Task statement: Please reproduce the lines from the one containing "Colourful Artistic Dragon Sherpa Blanket" through the end of the data below exactly as they stand, and omit all pictures.

Provided material:
========================
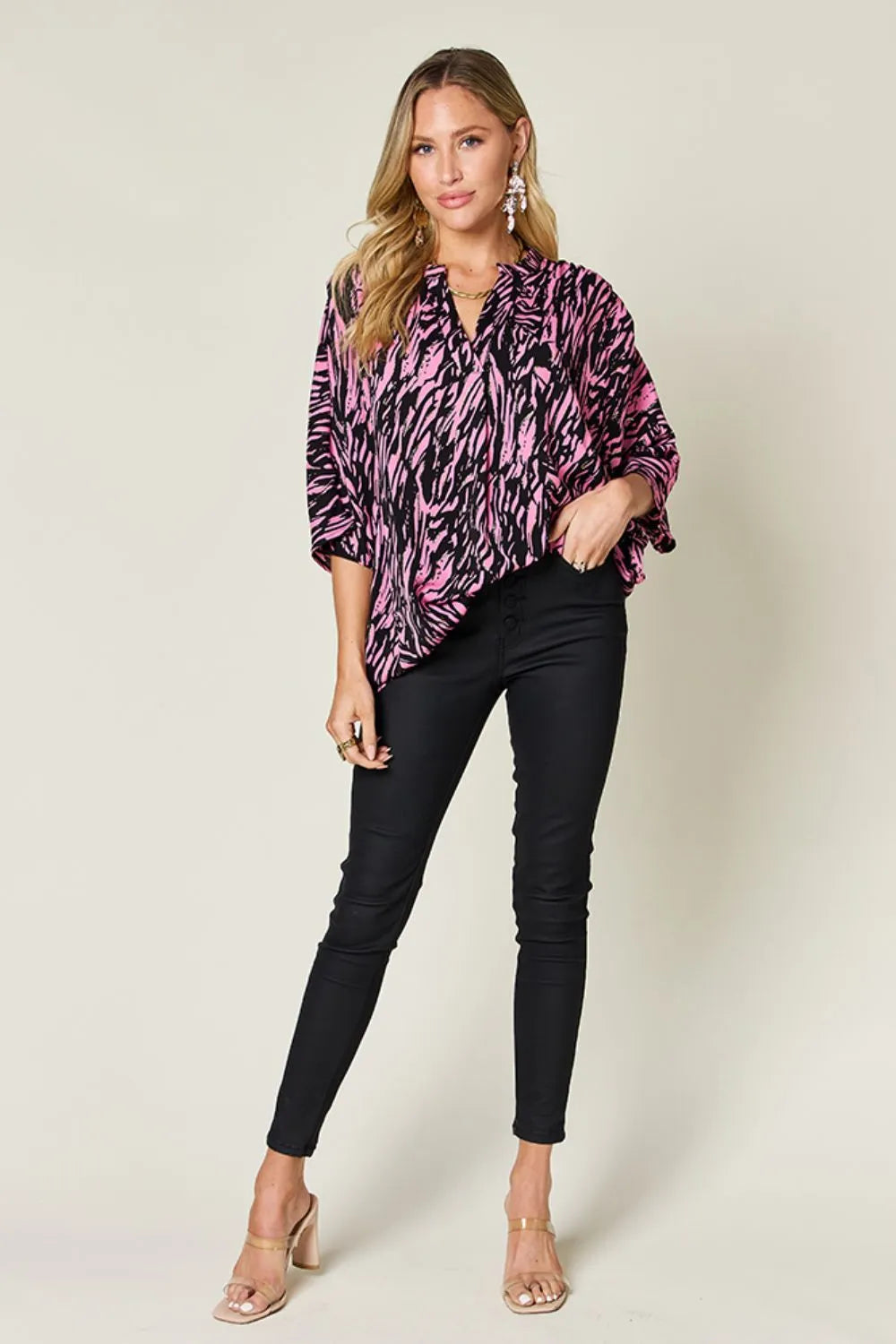 Double Take Full Size Printed Notched Three-Quarter Sleeve Blouse - Velora Luxury Fashion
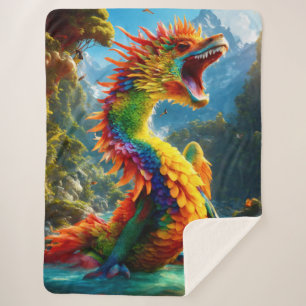 Colourful Artistic Dragon Sherpa Blanket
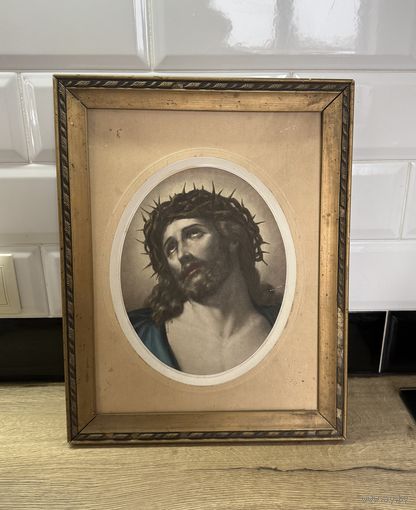 Старинная литография Христос в терновом венце в раме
========================
Response below:
 Colourful Artistic Dragon Sherpa Blanket
 Старинная литография Христос в терновом венце в раме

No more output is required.